-- Directions --
Go through the records and give each one again exactly, omitting the images.

-- Information supplied --
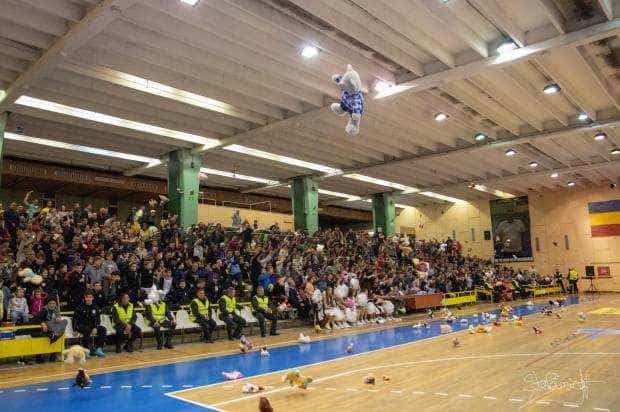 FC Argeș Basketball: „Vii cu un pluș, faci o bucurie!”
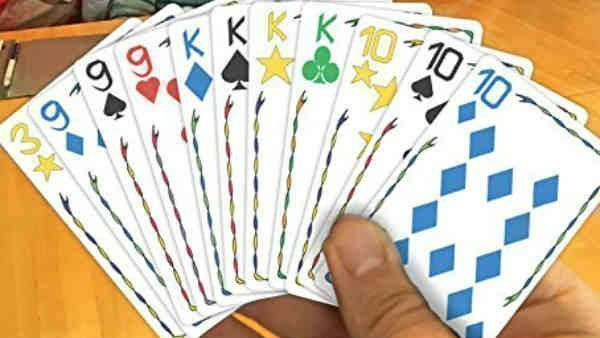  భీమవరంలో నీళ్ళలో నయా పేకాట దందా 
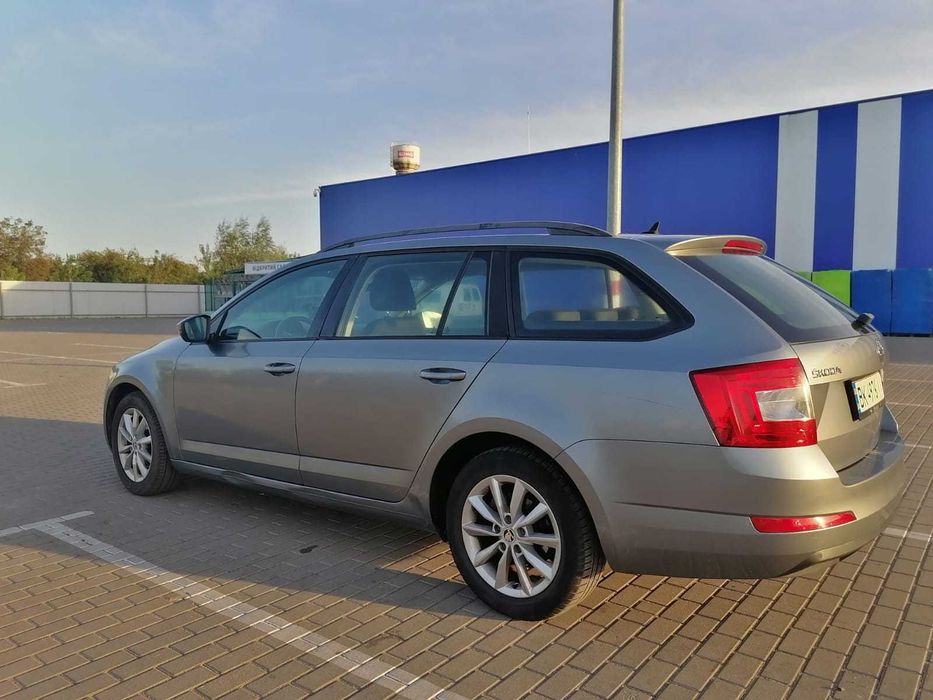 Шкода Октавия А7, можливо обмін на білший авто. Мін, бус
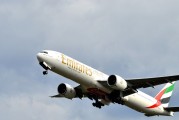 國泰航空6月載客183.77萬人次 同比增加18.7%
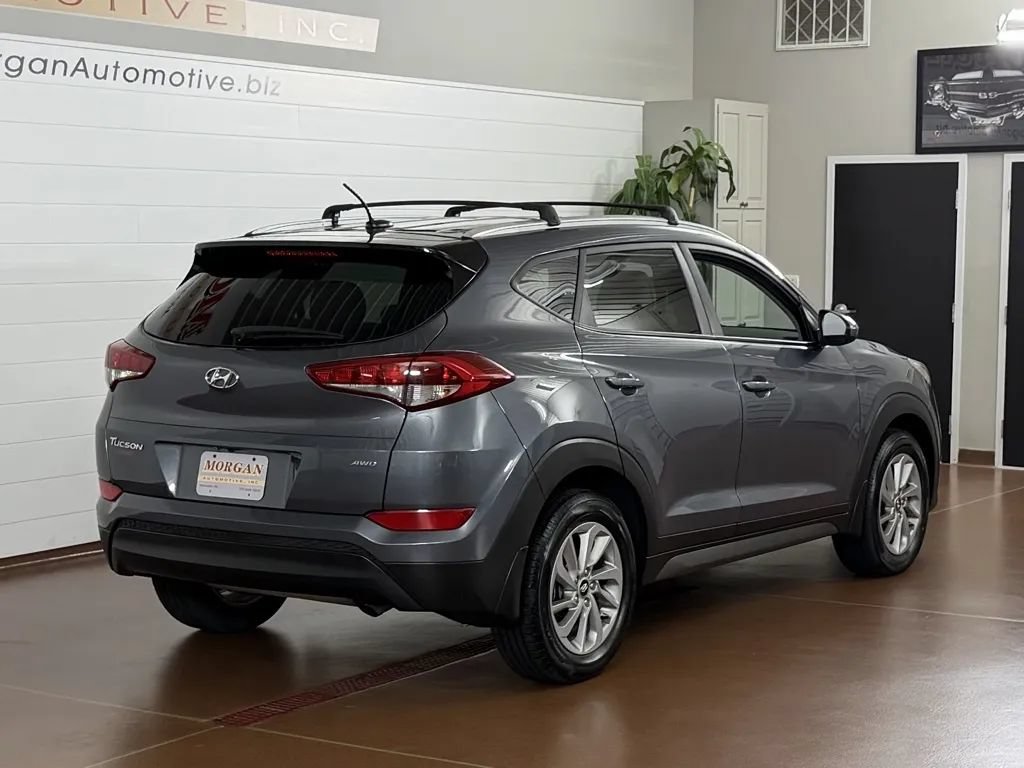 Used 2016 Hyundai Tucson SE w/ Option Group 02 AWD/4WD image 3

-- Answer for this exercise --
 FC Argeș Basketball: „Vii cu un pluș, faci o bucurie!”
  భీమవరంలో నీళ్ళలో నయా పేకాట దందా 
 Шкода Октавия А7, можливо обмін на білший авто. Мін, бус
 國泰航空6月載客183.77萬人次 同比增加18.7%
 Used 2016 Hyundai Tucson SE w/ Option Group 02 AWD/4WD image 3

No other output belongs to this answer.